This demonstration uses the rolling-wheel definition of cycloid, as well as the instantaneous velocity vector of a moving point, tangent to its trajectory. In the adjacent picture, $P_{1}$ and $P_{2}$ are two points belonging to two rolling circles, with the base of the first just above the top of the second. Initially, $P_{1}$ and $P_{2}$ coincide at the intersection point of the two circles. When the circles roll horizontally with the same speed, $P_{1}$ and $P_{2}$ traverse two cycloid curves. Considering the red line connecting $P_{1}$ and $P_{2}$ at a given time, one proves the line is always tangent to the lower arc at $P_{2}$ and orthogonal to the upper arc at $P_{1}$ . Let $Q$ be the point in common between the upper and lower circles at the given time.
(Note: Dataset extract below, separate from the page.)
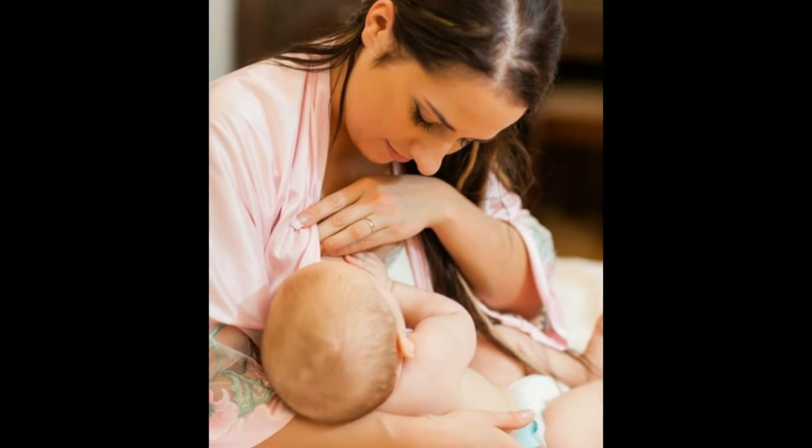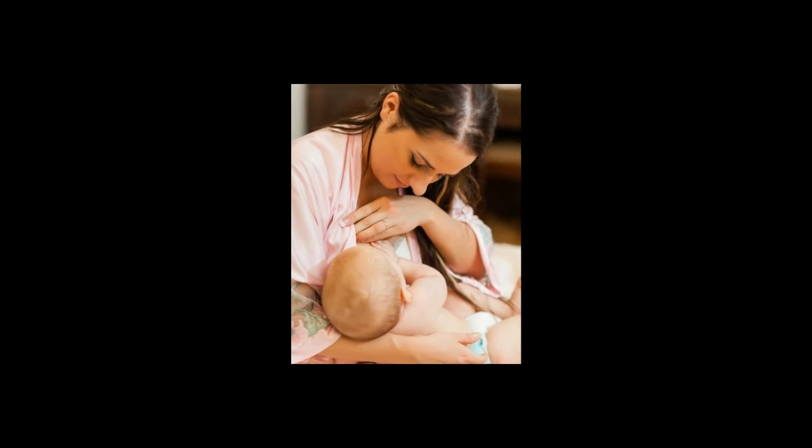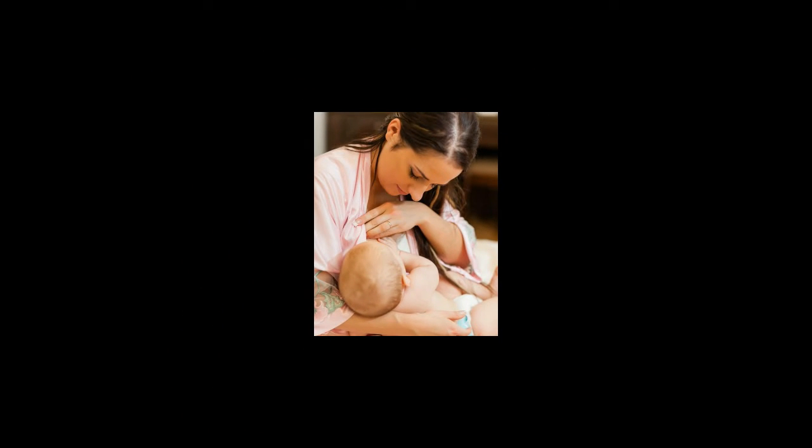What is the difference between lisinopril and metoprolol? Lisinopril and metoprolol are both medications that treat high blood pressure. The main difference between lisinopril and metoprolol is that lisinopril is an angiotensin-converting enzyme (ACE) inhibitor, while metoprolol is a beta blocker.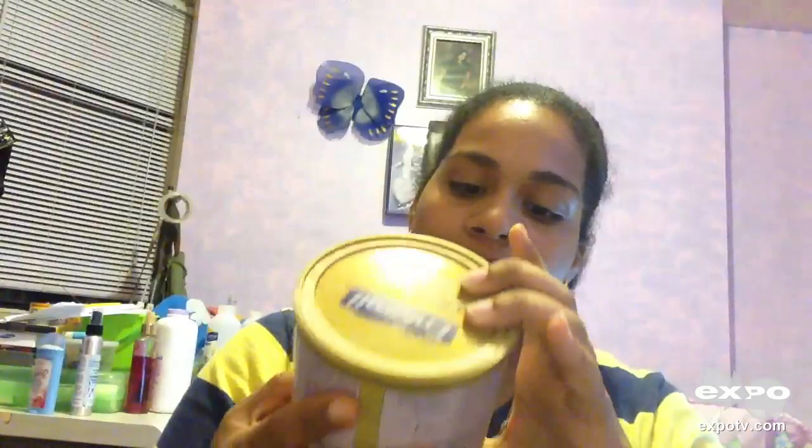Enfamil Gentlease helps with fussiness, gas, and crying. It's pretty much for sensitive tummies. It's great from newborns to infants. This is a milk-based powder with iron and partially broken down proteins.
Then:

$P_{1},Q,P_{2}$ are colinear: indeed the equal rolling speed gives equal angles ${\widehat {P_{1}O_{1}Q}}={\widehat {P_{2}O_{2}Q}}$ , and thus ${\widehat {O_{1}QP_{1}}}={\widehat {O_{2}QP_{2}}}$ . The point $Q$ lies on the line $O_{1}O_{2}$ therefore ${\widehat {P_{1}QO_{1}}}+{\widehat {P_{1}QO_{2}}}=\pi$ and analogously ${\widehat {P_{2}QO_{2}}}+{\widehat {P_{2}QO_{1}}}=\pi$